If you make it slow, you cause the same issues - and then the neighborhood just says "well if it's FOUR generations that's not too bad, is it?" And because the people who don't get to move in later don't get a say... it gets worse forever.
It's insidious, but as long as you allow people to regulate how much housing their neighbors can produce, it always gets this bad eventually.
It’s self reinforcing. When demand is highest, building will be highest, and median unit size will increase more rapidly, allowing more building, allowing more units.
The pace is limited, but the URBAN output increases exponentially, which is exactly what we want.
I wish it worked that way, but from my nearly 20 years of urban land use policy study and writing, I have seen tons of evidence that it does not.
The problem is that the most in demand areas get new buildings at 4-6 stories, and then you get locked up - the airspace above them becomes unavailable for 50-100 years, when there was market demand for some taller buildings from the beginning. It's the same "push down and spread out" that causes sprawl, just more localized.
It takes an awful lot of incentives to knock down a "usable" structure. I'd love to build higher-density right here, right on my lot, but unless I squeeze something in on the same lot, I'm out $150k just to start. $150k covers quite a bit of gas to the lot 2 miles away that's empty.
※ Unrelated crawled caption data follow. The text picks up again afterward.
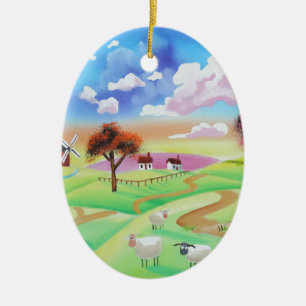 Kleurrijk schilderij van koe en schapen Gordon Bru Keramisch Ornament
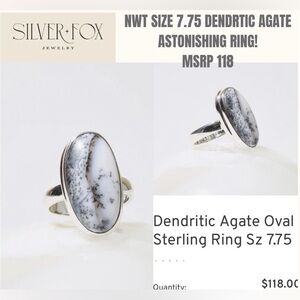 NWT SILVER FOX DENDRITIC AGATE & STERLING SILVER RING! STUNNING! AAA QUALITY!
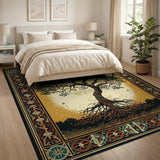Mystical Tree of Life Rug with Celtic Tribal Borders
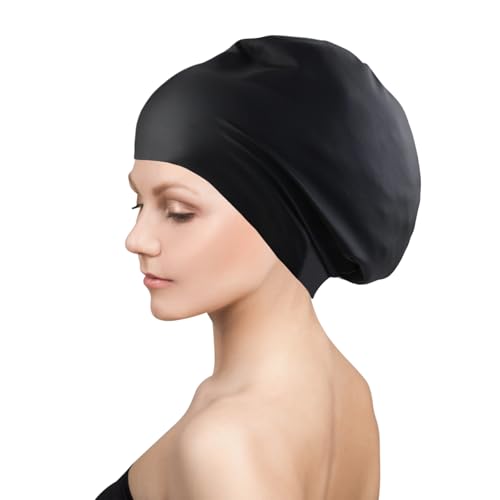Dalephoric Gorro de Natación Mujer, Gorro Piscina Mujer de Silicona, Impermeable, Tejido Elástico y Secado Rápido, Swimming Cap, Suave y Cómodo, para Pelo Largo, Trenzas, Rizos y Afro, Negro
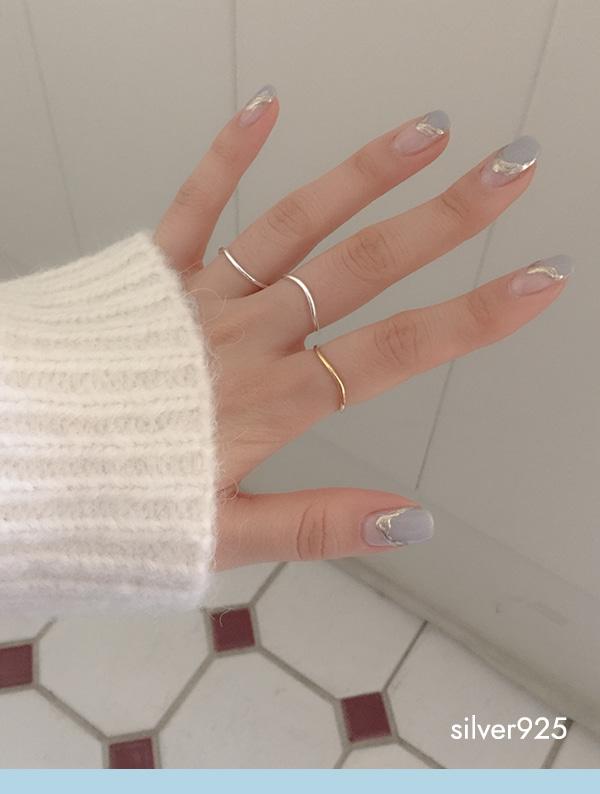 slim wave ring (silver925)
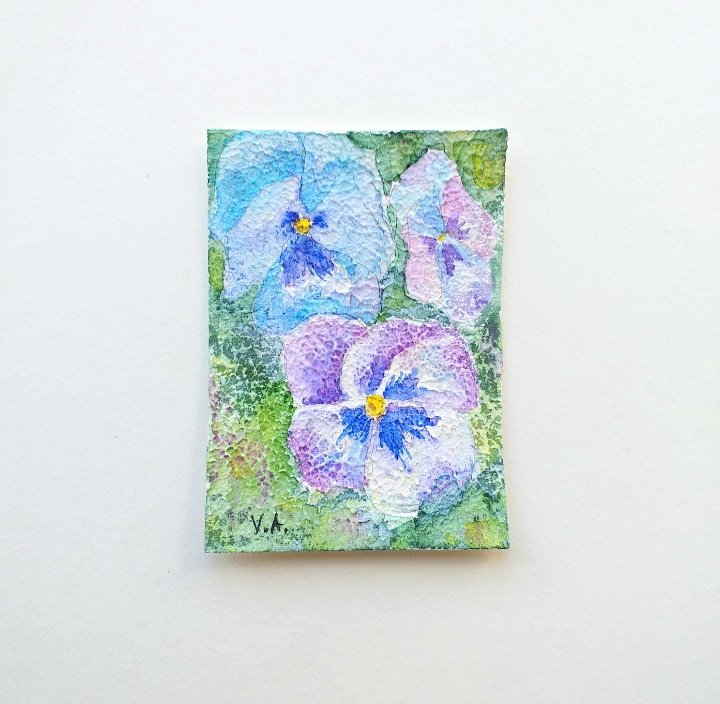 Artist trading card with watercolor pansies 
#artisttradingcards #aceo #atc #etsy #EtsySocial #etsyfinds #etsyseller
> It takes an awful lot of incentives to knock down a "usable" structure.
Yes, that’s the point. The policy only really changes things when prices become extreme, and the cost per unit of housing becomes completely detached from the cost of building that same unit.
This is trivially happening in much of San Francisco and New York City.
Japan is shrinking. Tokyo, however, is growing. It would not be good news if our cities had a glut of housing. We have three billion people of rural->urban shift we still need to do.
Localized growth has nothing to do with total population.
These urban housing crises in every major western country have nothing to do with population growth and everything to do with population concentration.
We should expect this problem to accelerate during periods of population decline, because there will be even stronger economic incentives to move into concentrated population centers.